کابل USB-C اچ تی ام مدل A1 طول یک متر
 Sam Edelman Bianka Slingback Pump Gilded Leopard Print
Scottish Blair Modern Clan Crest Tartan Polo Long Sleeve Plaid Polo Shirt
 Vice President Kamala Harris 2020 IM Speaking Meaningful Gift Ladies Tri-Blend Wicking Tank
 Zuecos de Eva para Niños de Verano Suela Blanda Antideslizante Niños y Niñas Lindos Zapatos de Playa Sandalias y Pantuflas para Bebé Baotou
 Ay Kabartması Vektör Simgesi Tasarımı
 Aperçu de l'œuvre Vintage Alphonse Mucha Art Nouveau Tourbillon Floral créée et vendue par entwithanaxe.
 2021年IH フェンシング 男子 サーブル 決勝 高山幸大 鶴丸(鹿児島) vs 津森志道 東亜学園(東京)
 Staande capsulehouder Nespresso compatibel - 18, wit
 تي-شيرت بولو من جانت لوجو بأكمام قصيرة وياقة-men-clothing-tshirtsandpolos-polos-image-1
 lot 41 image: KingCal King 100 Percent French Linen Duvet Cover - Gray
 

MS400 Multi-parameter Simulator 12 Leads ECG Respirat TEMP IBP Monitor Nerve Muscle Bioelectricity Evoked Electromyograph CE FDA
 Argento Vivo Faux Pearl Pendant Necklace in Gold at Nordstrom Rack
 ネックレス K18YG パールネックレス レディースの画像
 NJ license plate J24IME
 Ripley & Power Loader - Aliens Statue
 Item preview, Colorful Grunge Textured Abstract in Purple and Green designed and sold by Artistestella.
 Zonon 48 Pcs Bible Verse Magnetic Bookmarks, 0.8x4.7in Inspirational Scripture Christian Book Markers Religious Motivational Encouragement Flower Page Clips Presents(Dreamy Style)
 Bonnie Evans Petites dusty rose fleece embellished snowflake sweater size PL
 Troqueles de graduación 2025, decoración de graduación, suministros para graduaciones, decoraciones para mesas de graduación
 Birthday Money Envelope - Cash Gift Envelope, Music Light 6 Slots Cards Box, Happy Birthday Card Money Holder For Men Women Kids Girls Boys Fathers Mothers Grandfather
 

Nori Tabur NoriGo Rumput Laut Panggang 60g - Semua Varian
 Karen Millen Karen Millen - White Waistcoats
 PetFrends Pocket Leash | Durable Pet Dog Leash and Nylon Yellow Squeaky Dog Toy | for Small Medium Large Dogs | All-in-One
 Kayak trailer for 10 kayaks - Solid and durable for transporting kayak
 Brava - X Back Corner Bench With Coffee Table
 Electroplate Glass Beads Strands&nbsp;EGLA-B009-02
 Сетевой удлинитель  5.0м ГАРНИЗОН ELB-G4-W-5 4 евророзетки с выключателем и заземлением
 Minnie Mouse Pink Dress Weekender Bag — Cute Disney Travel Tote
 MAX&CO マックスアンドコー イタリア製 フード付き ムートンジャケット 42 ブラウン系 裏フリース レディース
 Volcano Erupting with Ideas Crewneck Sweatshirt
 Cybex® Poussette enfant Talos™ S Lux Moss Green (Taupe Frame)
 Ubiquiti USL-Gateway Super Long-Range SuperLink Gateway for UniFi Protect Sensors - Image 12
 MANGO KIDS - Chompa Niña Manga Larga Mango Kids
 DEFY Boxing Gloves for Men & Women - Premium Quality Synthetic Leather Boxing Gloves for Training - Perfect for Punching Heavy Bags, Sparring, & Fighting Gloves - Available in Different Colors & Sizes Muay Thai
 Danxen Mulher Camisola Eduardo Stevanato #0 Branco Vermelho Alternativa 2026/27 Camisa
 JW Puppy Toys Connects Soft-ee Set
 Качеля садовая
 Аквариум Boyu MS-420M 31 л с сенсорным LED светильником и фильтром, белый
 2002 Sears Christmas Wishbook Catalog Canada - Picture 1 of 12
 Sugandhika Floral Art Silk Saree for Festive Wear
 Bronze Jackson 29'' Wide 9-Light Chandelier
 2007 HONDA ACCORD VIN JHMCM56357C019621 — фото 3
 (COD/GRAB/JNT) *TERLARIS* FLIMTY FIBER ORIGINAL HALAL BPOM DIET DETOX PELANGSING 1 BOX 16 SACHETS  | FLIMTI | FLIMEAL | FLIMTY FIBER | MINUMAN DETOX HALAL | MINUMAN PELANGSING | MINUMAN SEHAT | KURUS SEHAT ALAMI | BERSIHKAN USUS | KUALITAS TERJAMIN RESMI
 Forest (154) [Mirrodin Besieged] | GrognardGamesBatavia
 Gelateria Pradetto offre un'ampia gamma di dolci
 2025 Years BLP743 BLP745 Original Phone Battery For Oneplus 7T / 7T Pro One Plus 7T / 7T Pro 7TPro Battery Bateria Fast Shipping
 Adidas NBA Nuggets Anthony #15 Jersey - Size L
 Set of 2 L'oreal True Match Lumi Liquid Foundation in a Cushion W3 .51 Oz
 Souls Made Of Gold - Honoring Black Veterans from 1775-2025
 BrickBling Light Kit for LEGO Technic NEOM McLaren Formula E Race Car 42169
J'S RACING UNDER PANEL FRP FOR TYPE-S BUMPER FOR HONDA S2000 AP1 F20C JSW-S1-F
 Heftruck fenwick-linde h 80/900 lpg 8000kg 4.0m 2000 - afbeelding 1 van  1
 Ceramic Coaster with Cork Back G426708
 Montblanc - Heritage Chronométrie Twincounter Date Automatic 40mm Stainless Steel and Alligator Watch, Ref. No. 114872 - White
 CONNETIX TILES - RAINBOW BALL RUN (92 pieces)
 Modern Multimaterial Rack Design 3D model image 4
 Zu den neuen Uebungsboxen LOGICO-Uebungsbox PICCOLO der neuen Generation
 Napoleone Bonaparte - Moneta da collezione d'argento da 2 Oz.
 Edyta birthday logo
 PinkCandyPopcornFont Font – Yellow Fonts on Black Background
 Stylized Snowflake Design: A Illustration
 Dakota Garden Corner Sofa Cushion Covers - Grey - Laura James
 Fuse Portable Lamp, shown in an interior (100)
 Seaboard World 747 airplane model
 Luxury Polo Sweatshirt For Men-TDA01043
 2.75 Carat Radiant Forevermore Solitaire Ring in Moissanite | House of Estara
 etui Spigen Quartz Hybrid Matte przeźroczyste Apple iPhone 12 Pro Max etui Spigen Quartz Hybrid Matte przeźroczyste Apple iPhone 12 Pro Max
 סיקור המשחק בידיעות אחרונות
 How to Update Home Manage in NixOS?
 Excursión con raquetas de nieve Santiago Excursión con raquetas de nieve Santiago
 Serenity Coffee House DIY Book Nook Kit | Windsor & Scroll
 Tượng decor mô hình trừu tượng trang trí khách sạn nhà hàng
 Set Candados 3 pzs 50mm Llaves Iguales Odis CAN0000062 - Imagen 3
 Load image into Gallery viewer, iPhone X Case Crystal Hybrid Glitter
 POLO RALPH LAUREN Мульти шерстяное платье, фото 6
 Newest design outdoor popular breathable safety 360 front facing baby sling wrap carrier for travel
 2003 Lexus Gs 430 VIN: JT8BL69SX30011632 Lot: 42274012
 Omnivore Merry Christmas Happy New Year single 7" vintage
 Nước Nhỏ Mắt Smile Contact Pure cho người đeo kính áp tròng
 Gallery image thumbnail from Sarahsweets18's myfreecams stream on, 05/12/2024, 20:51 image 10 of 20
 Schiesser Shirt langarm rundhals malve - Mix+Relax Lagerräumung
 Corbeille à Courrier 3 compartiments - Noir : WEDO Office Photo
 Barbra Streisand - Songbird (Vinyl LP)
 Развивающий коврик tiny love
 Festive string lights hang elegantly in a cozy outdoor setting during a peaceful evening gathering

## Task details:
Report how many lines of the entries hold the string "Hybrid". Provide the number alone.

## Output of the exercise:
2